A local retiree claims that his quarter-million-dollar retirement account was wiped out by a Wheat Ridge investment adviser whose state license was revoked recently because of fraud.

Robert Golden, 76, believes the actions of James McGehee and McGehee Wealth Management rise to the level of criminal theft and elder abuse, according to a lawsuit he has filed.

McGehee admits only that his hazardous stock market strategy ultimately failed.

“He told me that he wanted to be aggressive and I probably was a little more than aggressive,” McGehee said by phone. “I have apologized to him 100,000 times over but he felt the need to sue me over it. I guess if I was in his shoes, I probably wouldn’t blame him.”

Golden was living on Social Security, paying a mortgage on his home and using his retirement savings to cover living expenses when, in 2019, he hired McGehee to manage his $241,000 account, according to Golden and state regulators who later investigated McGehee.

Golden claims that he sought a conservative investment approach — McGehee denies this — yet his money was invested in “highly volatile securities, including options.” Options trading, in which investors pay for the right to buy or sell stocks at a set price, carries greater risk than traditional stock trading.

Golden “did not, and still does not, understand how options work,” according to his lawsuit.

The Castle Rock man said that he could only watch online as his account took a roller-coaster ride. He said McGehee ignored his requests for a safer investment strategy, and also ignored some of his demands for distributions. He cites several emails from McGehee.

“The last six trades have gone against me, the next several should be spot on,” the adviser allegedly wrote to Golden in May 2020. “I know you’re nervous, try to have faith.”

“It will recover, it’s at the bottom, it will go back up, trust me on this one,” he is said to have emailed two days later, noting past wins. “It was once at $203K and went to $316K.”

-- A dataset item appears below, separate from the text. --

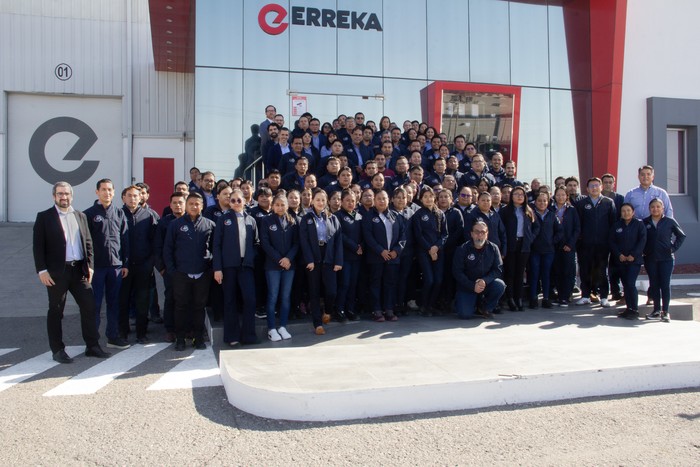 Erreka Taldeak Mexikon duen filialak 25 urte bete ditu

In February 2021, McGehee touted his decision to invest Golden’s money in betting apps.

“I just got into DraftKings because of the Super Bowl betting and then March Madness in college basketball,” he wrote, “so they will make a ton of money over the next two months.”

While Golden’s account did rise at times — it peaked at $396,000, he recalled — his entire savings ultimately was lost, except for $18,000 in distributions, Golden said.

“In the beginning, I made him a lot of money but then the market kind of turned on me,” McGehee explained his admittedly “ultra-aggressive” approach to investing. “It’s one of those situations where you flip a quarter, you call heads and it turns out tails.”

The Colorado Division of Securities investigated McGehee and found he was investing clients’ money in call options without disclosing their risk. In a June settlement, he and his firm admitted “that by failing to disclose the options strategy and its associated risk,” they “engaged in investment advisor fraud.” He and the firm agreed to surrender their adviser licenses.

Before he founded McGehee Wealth Management in 2016, McGehee owned McGehee Davis & Associates, an accounting firm in Arvada. He has since returned to that firm.

In his lawsuit, Golden is seeking at least $500,000 for what he considers to be theft, fraud, breach of contract, unjust enrichment and excessive trading designed to generate fees. He is represented by the lawyer Otto Hilbert II with Otto Law in Denver, who did not answer several requests for an interview with Golden to discuss the McGehee case.

“If I had it to do over again, I’d do something different,” McGehee said recently. When asked if that meant a more conservative strategy, he said, “Definitely something more conservative.”

“I was trying to hit him a home run,” he said, “and instead there were some strikeouts.”